Artistic Director James Bundy, still fresh out of the wrapper, is already showing signs of lucidity by importing this recent London/New York crowd pleaser. The focus here is a wildly dysfunctional mother-daughter team, tossing venom with an Irish brogue. Saturated in creepy camp, the play microscopically examines the maneuvers of two women who inhabit their dank cottage like two carnivorous plants in the same pot, attempting to suck the life out of each other. It suggests a rural Irish Whatever Happened to Baby Jane?
Playwright Martin McDonagh, under thirty, is this year's prodigy. He's an Irishman with a mastery for creating a palpable atmospheric bog. Beauty Queen is the first part of a connected trilogy set in the same backwater village. McDonagh's dark, terse, earthy humor echoes Samuel Beckett. His blighted souls wile away their terminally bored hours waiting for the Grim Reaper.

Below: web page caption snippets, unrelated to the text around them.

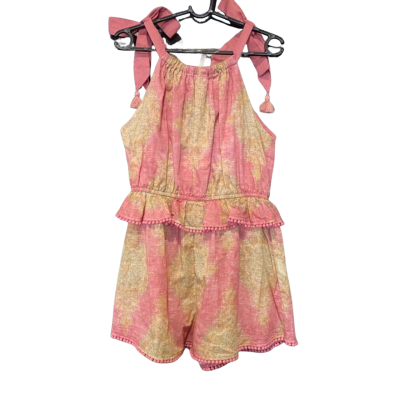 Zimmermann Kids Anneke Tie Playsuit  Size 6 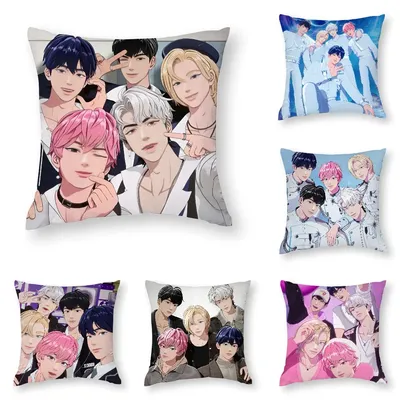 Kpop P-PLAVE Kissenbezug, 3D-Druck, Polyesterfaser, 40 x 40 cm, für Zuhause, Sofa, Dekokissenbezug, Image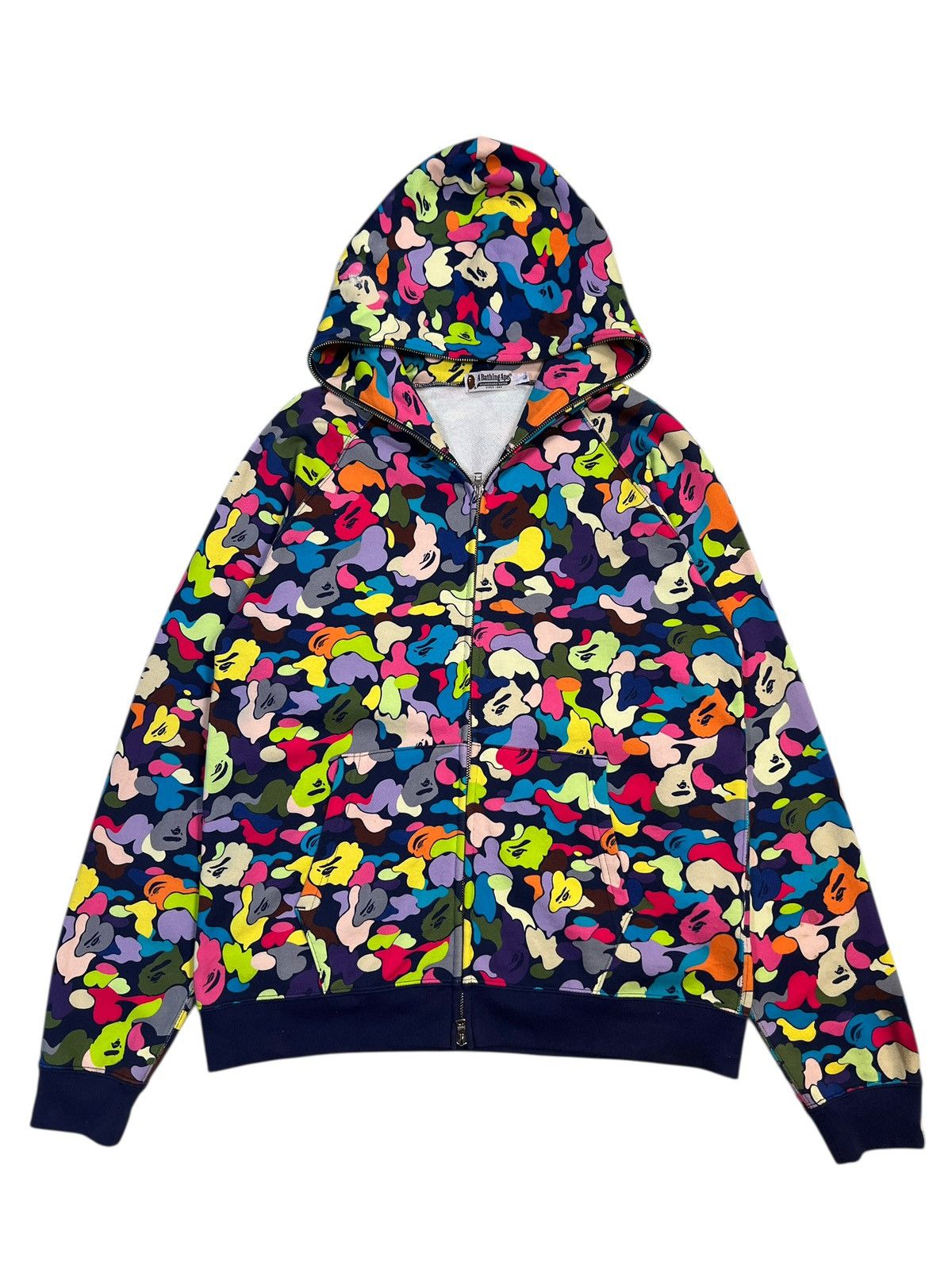 Bape 🔥 A BATHING APE INLUKEWARM WATER CAMO ZIPPER HOODIE Size US L / EU 52-54 / 3 - 3 Thumbnail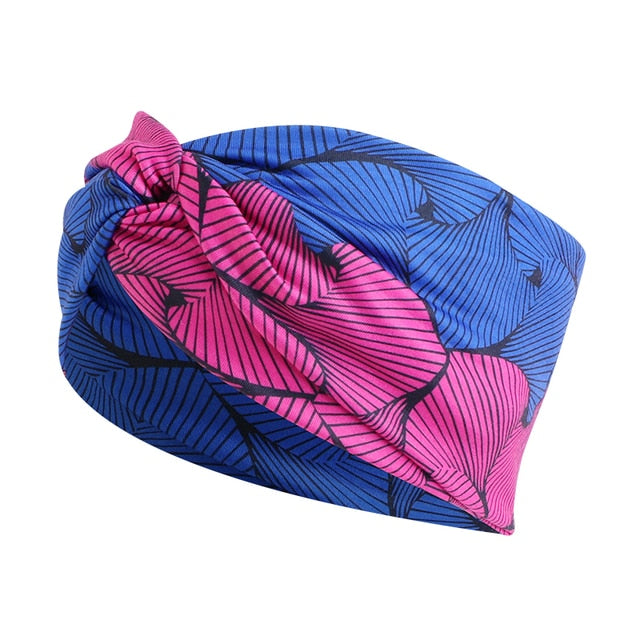 African Print Stretch Bandana Head Wrap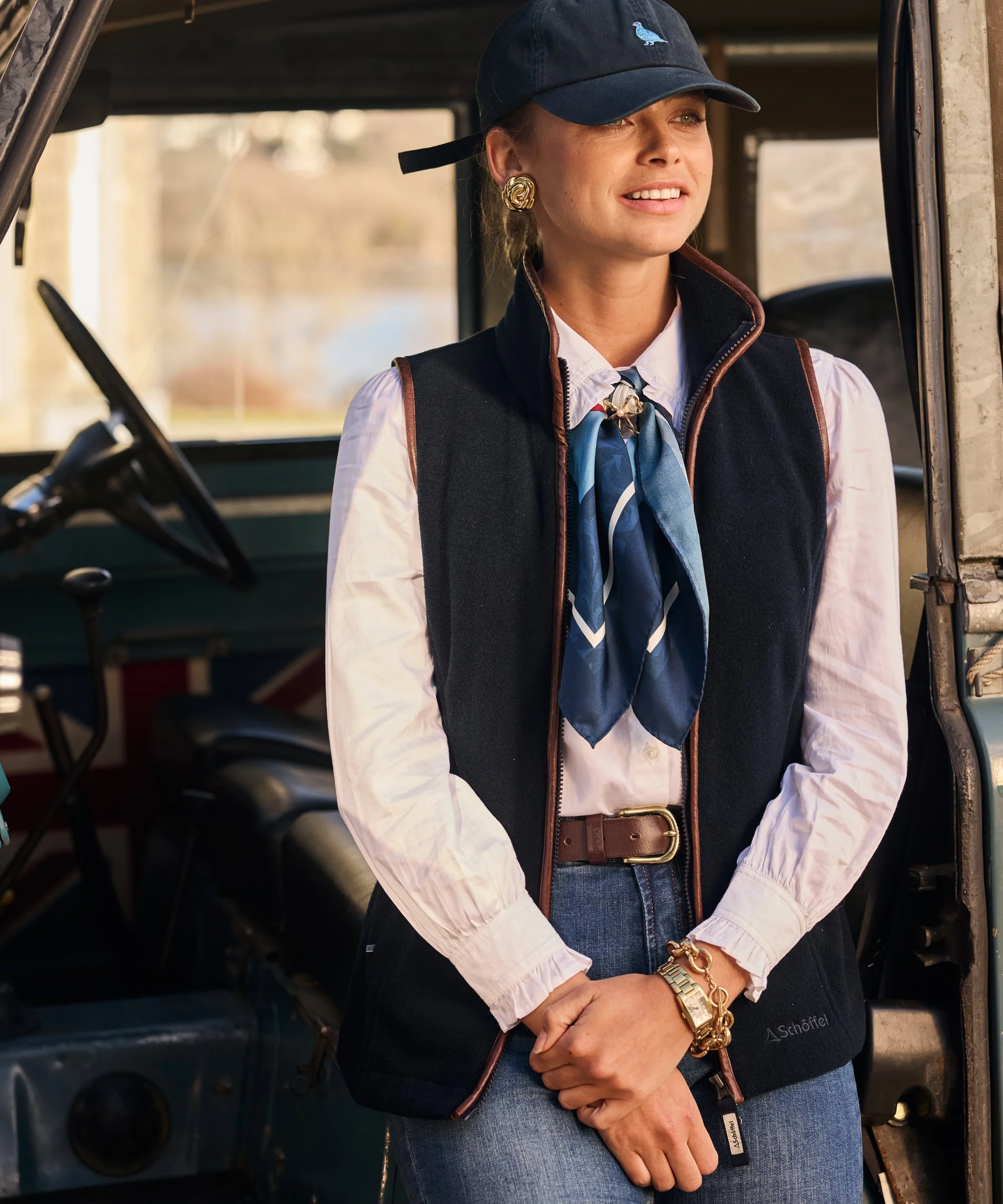 Lyndon Fleece Gilet - Navy - Image 2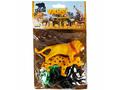 Set figurine animale salbatice in punga mica, Crazoo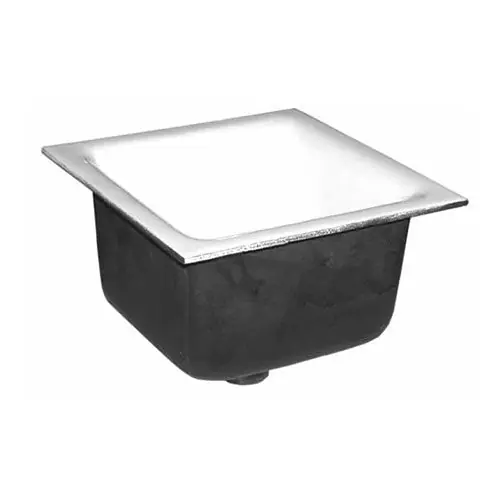 JAY R SMITH MFG 320-Y03 3 INCH NO-HUB CAST IRON SANITARY FLOOR SINK WITHOUT FLANGE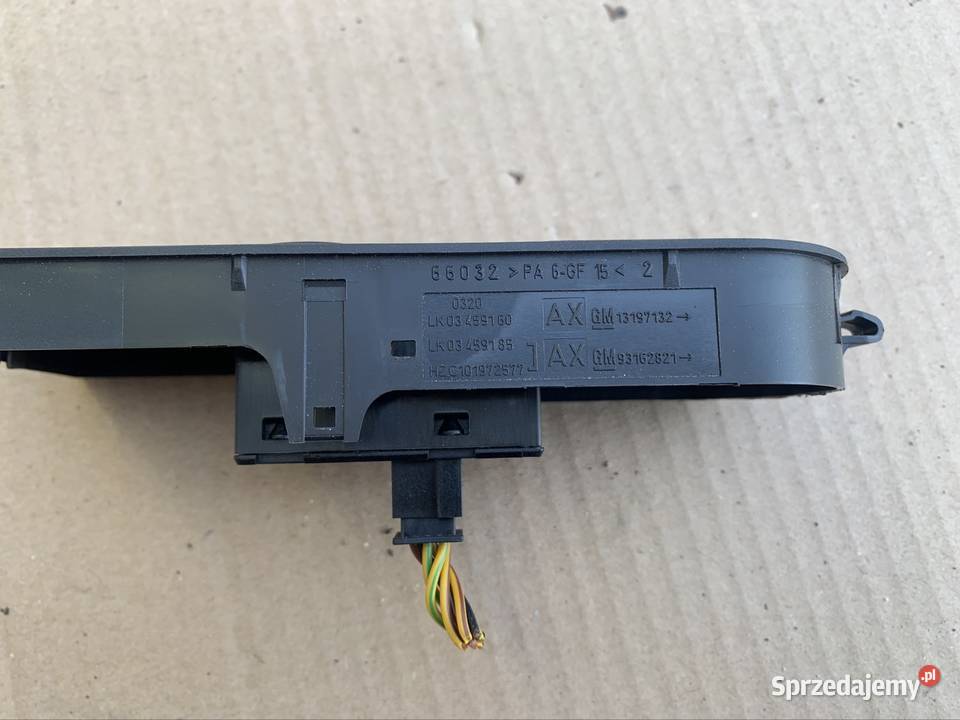 13197132 panel przełącznik szyby prawy Opel Szczecin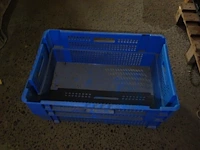 12 blauwe diepe stapelbakken - afbeelding 2 van  3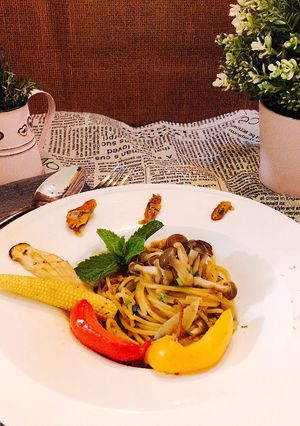 鯷魚紅燒鰻義大利麵 的食譜成品照片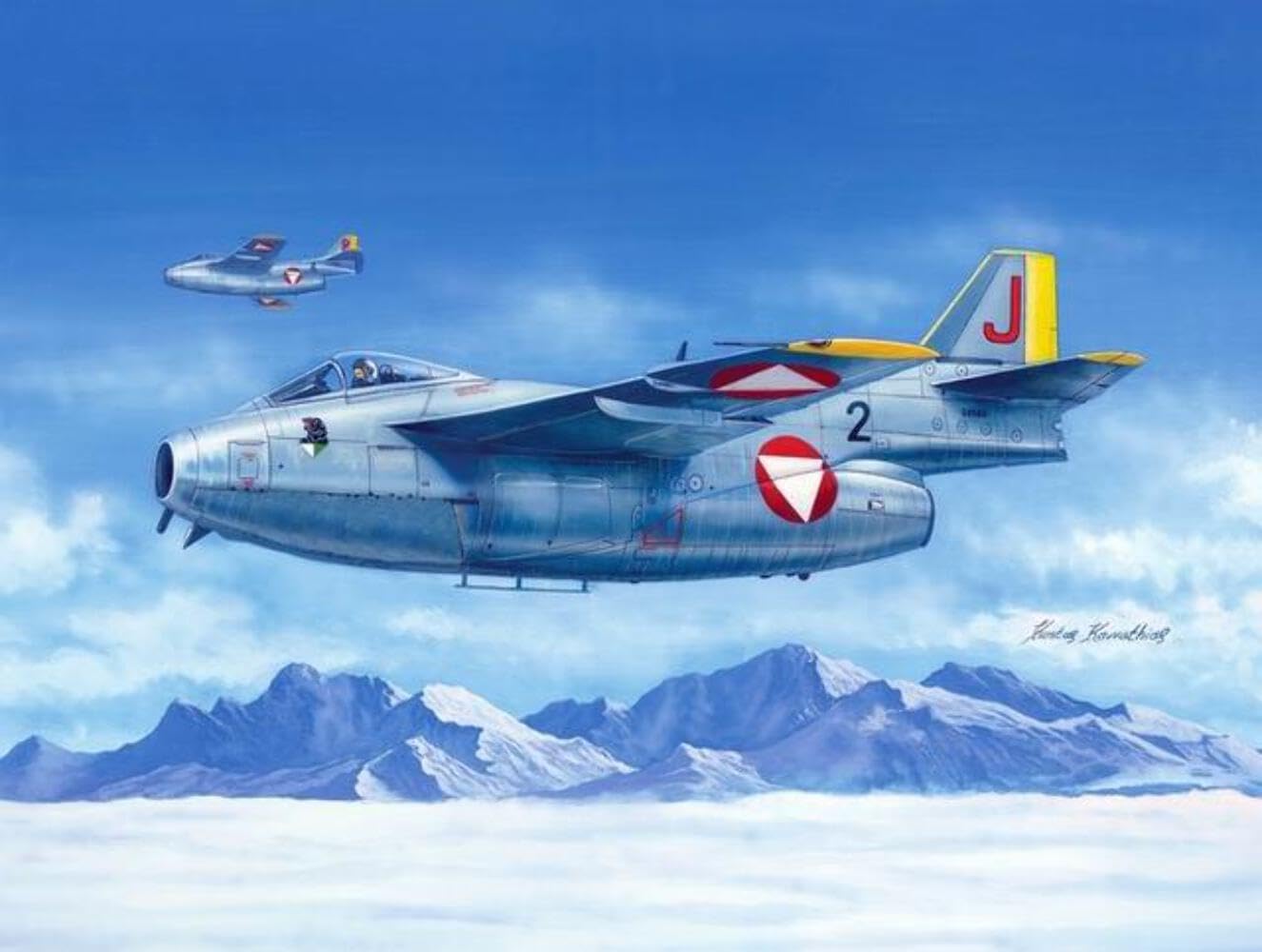 Hobbyboss 81745 "J-29F Flying Barrel Plastic Model Kit, 1:48 Scale
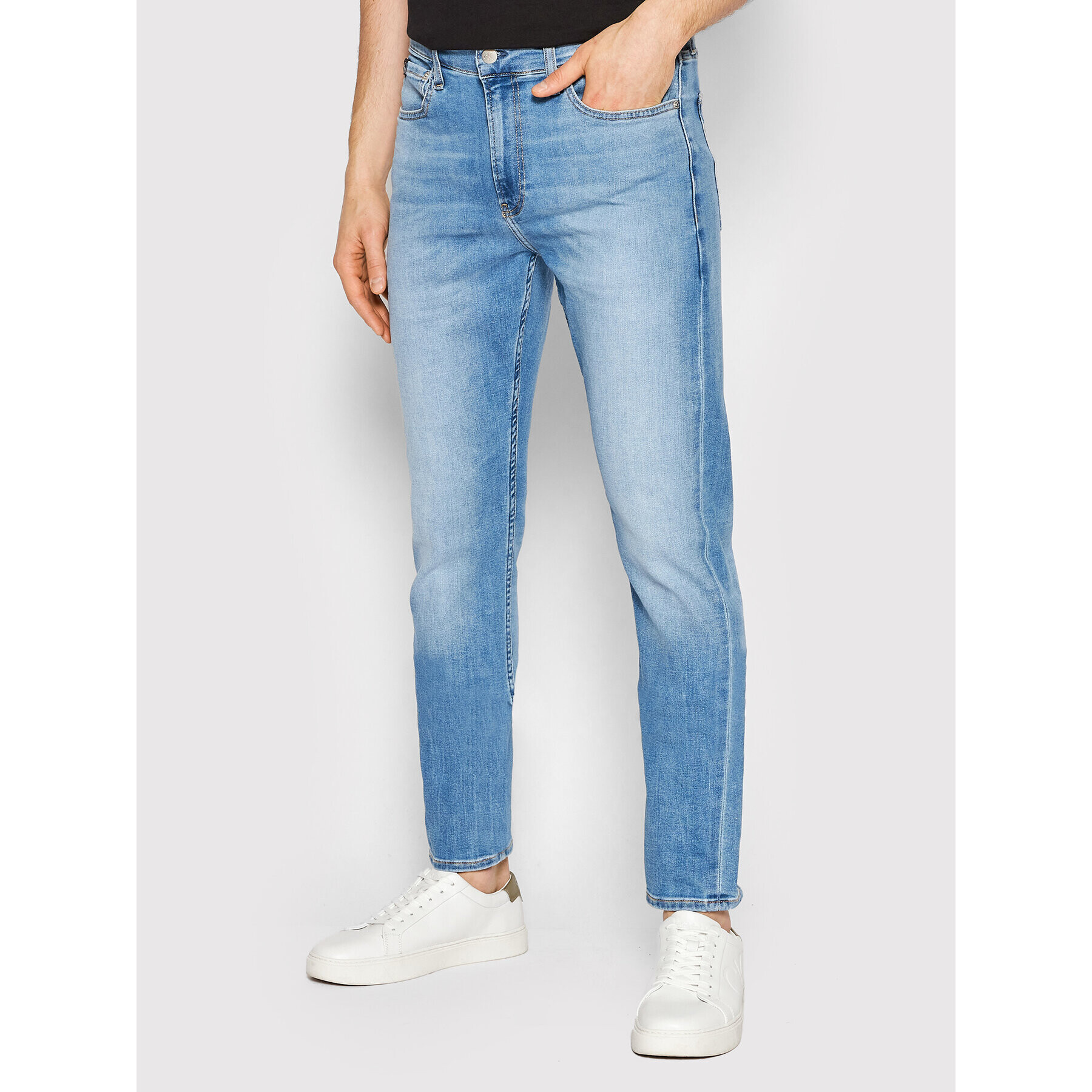 Calvin Klein Jeans Džínsy J30J320466 Modrá Slim Fit - Pepit.sk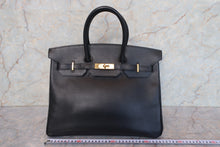 Load image into Gallery viewer, HERMES BIRKIN 35 Ardennes leather Black □H Engraving Hand bag 700110104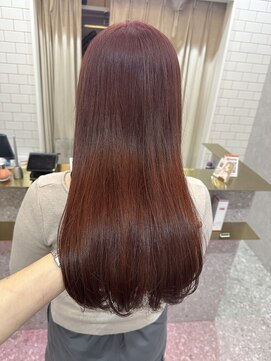 ロンド レア 天神大名店(Lond Le’a) 天神大名ダブルカラーケアブリーチチェリーレッドブラウン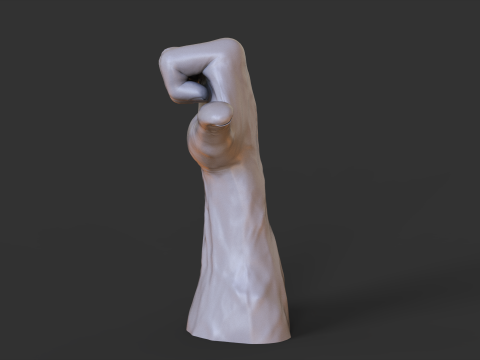 Male Hand Pose - Gesture - 21 Model Cetak 3D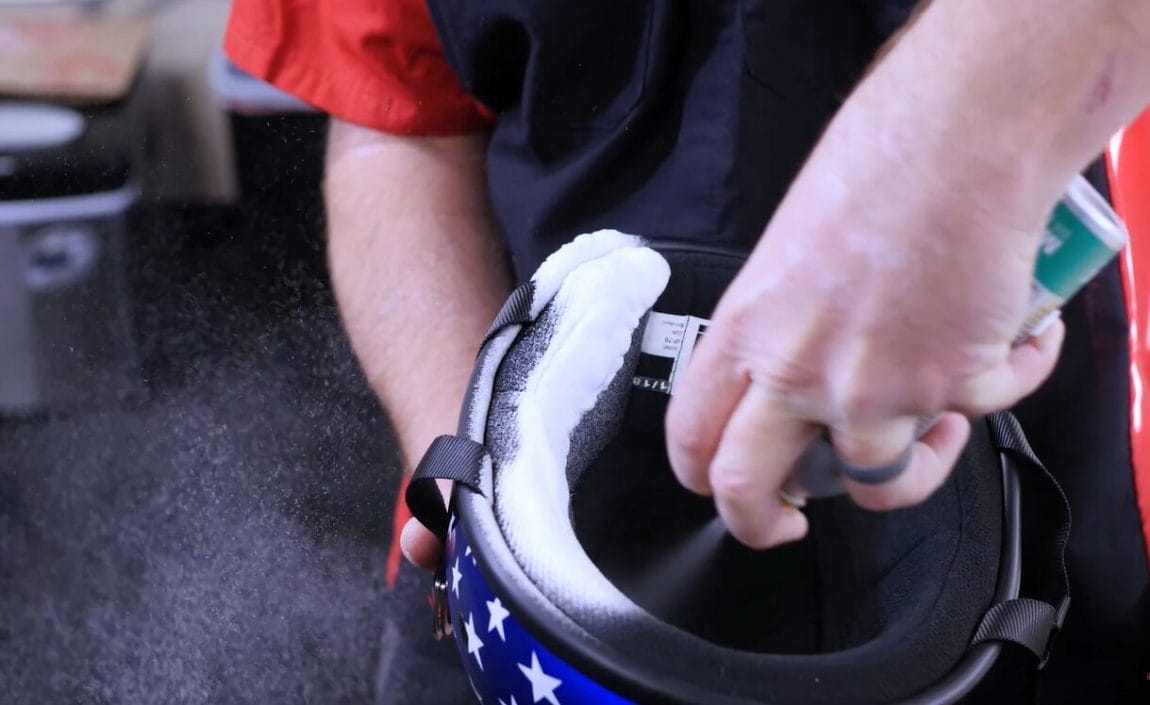 Mild Detergent And Water To Clean Helmet Visor Scratch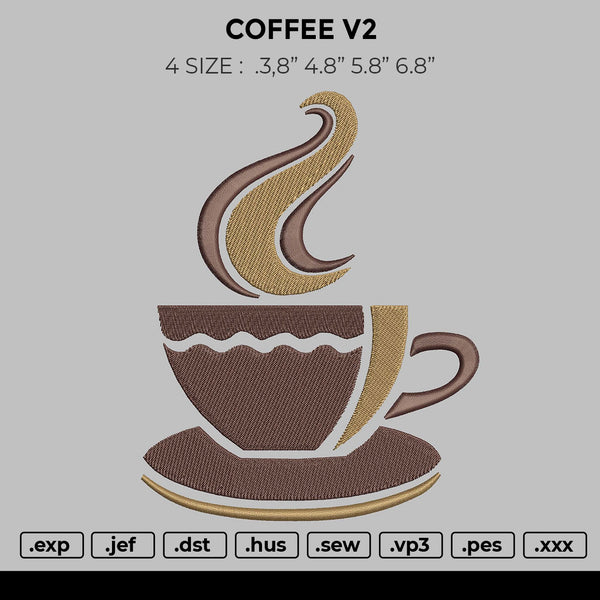 COFFEE V2 Embroidery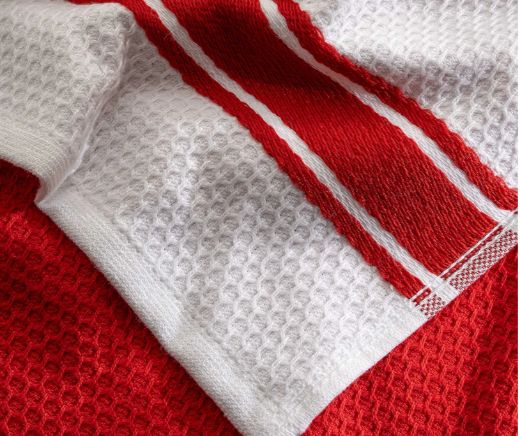 ELVİN 2 Lİ HAVLU SET KIRMIZI-KREM resmi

Their concerns are minuscule: an old woman's frustration at the lumps in her porridge; a young villager, stuck between the pubs and telly, bemoaning a decade-old missing tennis ball; an angry daughter who lives to torture her mother by force-feeding her detested biscuits. McDonagh gives us an ignorant, smothered, desperate landscape, steeped in grudges, where kicking a cow can lead to a twenty-year feud. Yet all this is window-dressing. His denizens are not "waiting for Godot"--they live in a world of melodrama.
The slender plot--concerning a frustrated daughter on the edge of insanity and a mother who tenaciously clings to her for creature comforts--is placed in the world of psychological chillers of Ladies in Retirement and Night Must Fall variety.
Underneath all the darkness, the Irish wunderkind is, as New York magazine critic John Simon opined, "a playwright full of every kind of derivativeness, manipulativeness, and shtick." There are those misdelivered letters, a situation that could be rectified by a visit or phone call. A Tennessee Williams spinster can suddenly be transformed into a distaff Norman Bates, whirling her fireplace iron and heating cooking oil for nefarious purposes. The mother is written as a cackling Madame DeFarge, lazy, selfish, and sly, pouring her urine down the drain--a piece of work that could turn Mary Poppins into Lizzie Borden.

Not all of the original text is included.